Input –
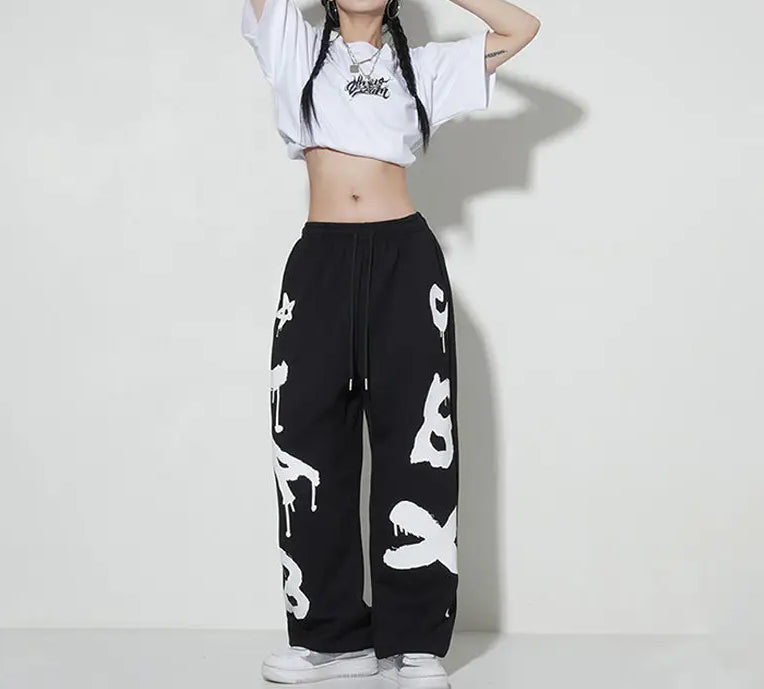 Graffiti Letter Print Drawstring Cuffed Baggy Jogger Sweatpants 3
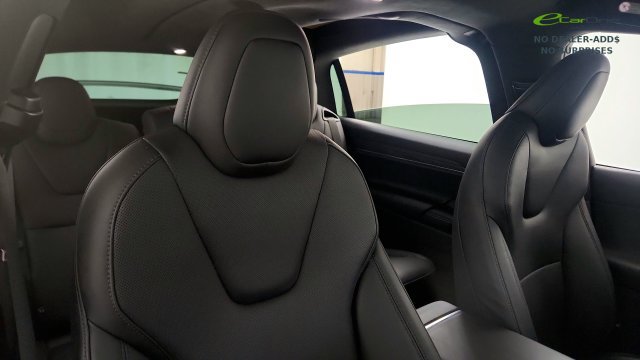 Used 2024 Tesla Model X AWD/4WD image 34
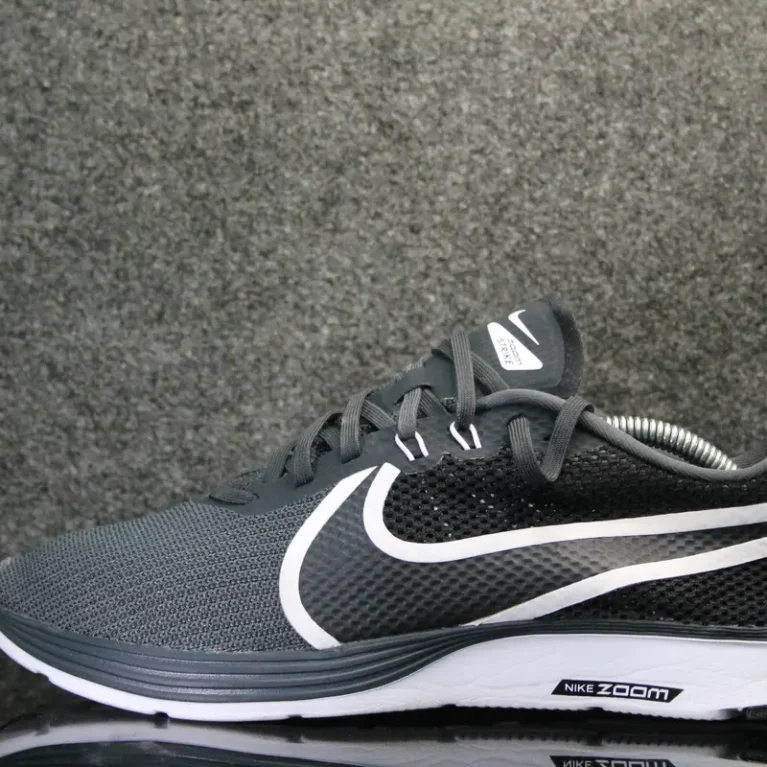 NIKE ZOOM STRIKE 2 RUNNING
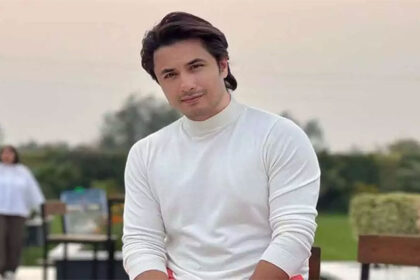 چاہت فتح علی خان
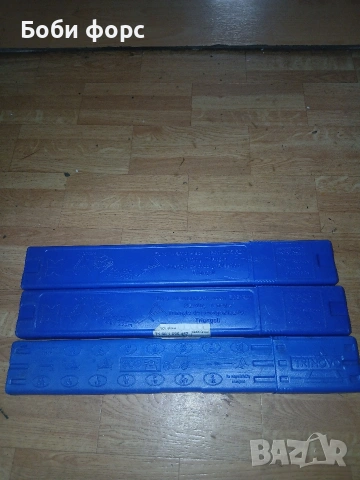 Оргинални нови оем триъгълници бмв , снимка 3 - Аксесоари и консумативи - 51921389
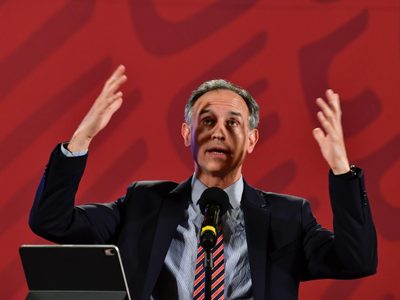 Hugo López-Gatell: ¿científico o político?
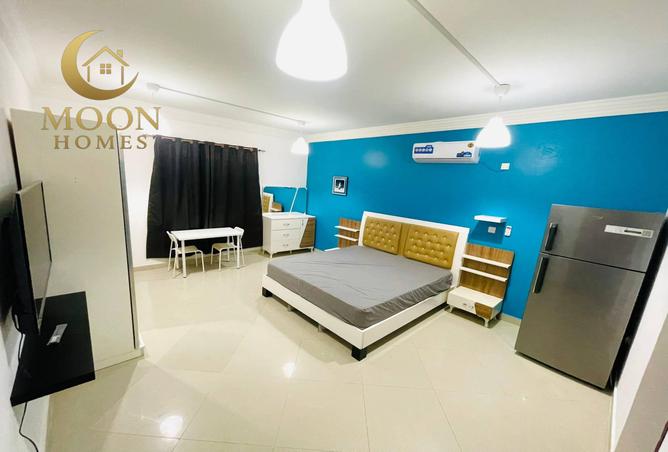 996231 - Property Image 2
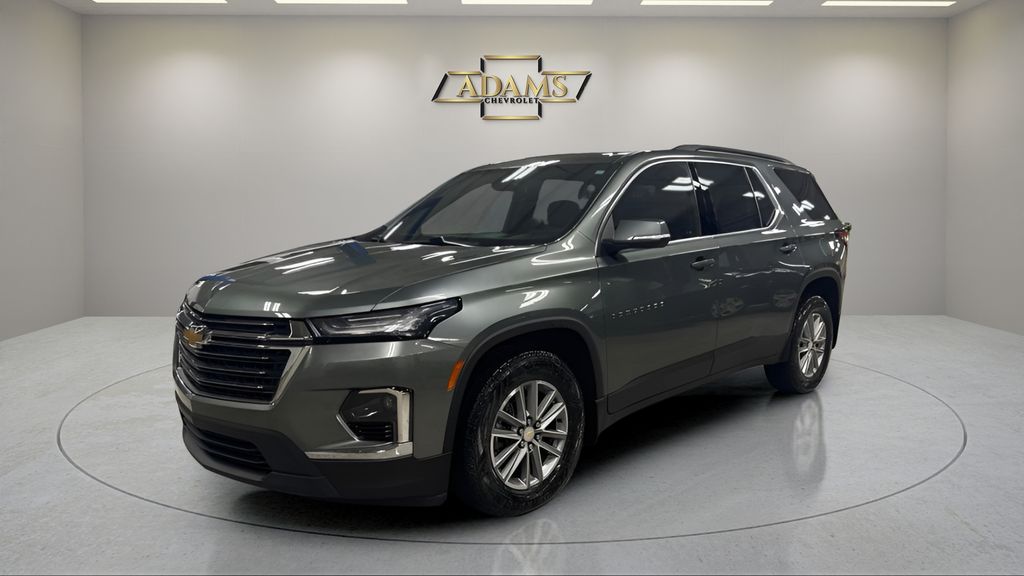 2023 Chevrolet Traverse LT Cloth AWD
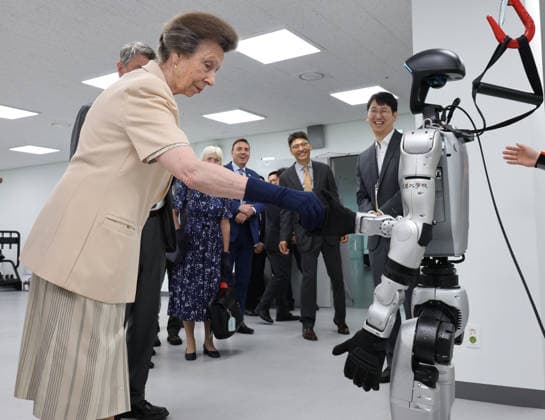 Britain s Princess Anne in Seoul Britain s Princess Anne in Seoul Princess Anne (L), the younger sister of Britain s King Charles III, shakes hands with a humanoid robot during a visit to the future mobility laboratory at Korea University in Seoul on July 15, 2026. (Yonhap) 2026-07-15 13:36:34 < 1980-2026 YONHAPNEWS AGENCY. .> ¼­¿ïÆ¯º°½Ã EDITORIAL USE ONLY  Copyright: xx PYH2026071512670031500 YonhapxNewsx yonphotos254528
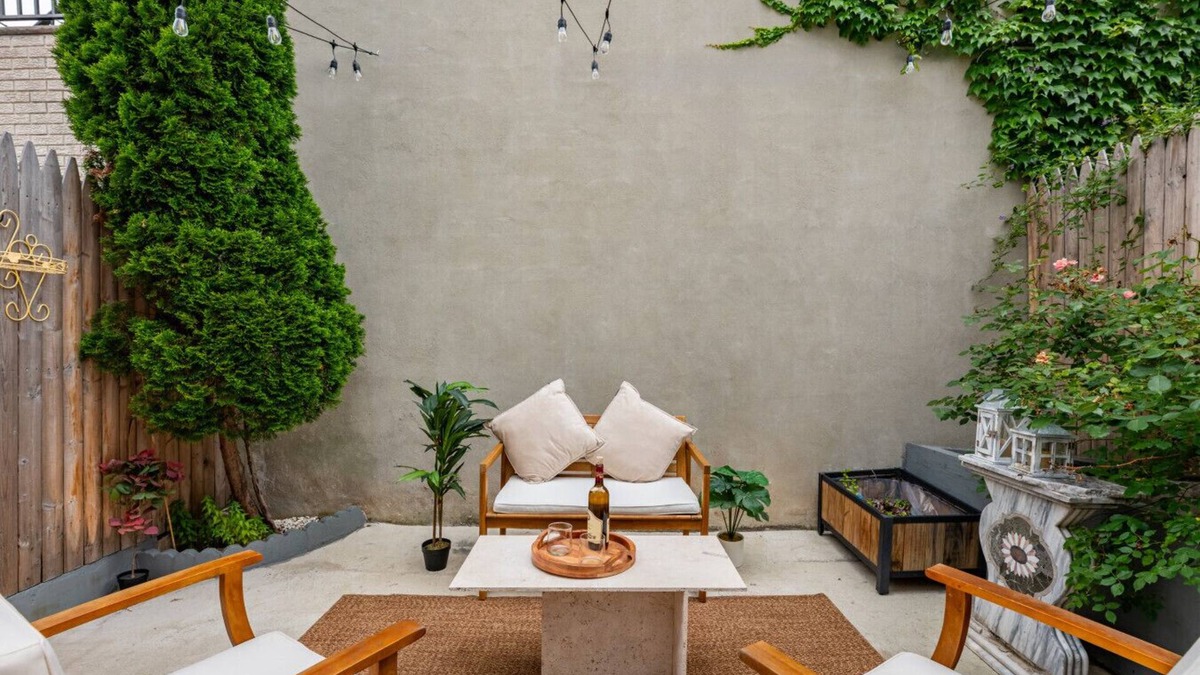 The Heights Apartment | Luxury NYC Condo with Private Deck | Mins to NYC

The problem –
The response should be the lines from the one containing "چاہت فتح علی خان" through the final line of the records, reproduced exactly and with every picture left out.

Response to this exercise –
 چاہت فتح علی خان
 Оргинални нови оем триъгълници бмв , снимка 3 - Аксесоари и консумативи - 51921389
 Hugo López-Gatell: ¿científico o político?
 996231 - Property Image 2
 2023 Chevrolet Traverse LT Cloth AWD
 Britain s Princess Anne in Seoul Britain s Princess Anne in Seoul Princess Anne (L), the younger sister of Britain s King Charles III, shakes hands with a humanoid robot during a visit to the future mobility laboratory at Korea University in Seoul on July 15, 2026. (Yonhap) 2026-07-15 13:36:34 < 1980-2026 YONHAPNEWS AGENCY. .> ¼­¿ïÆ¯º°½Ã EDITORIAL USE ONLY  Copyright: xx PYH2026071512670031500 YonhapxNewsx yonphotos254528
 The Heights Apartment | Luxury NYC Condo with Private Deck | Mins to NYC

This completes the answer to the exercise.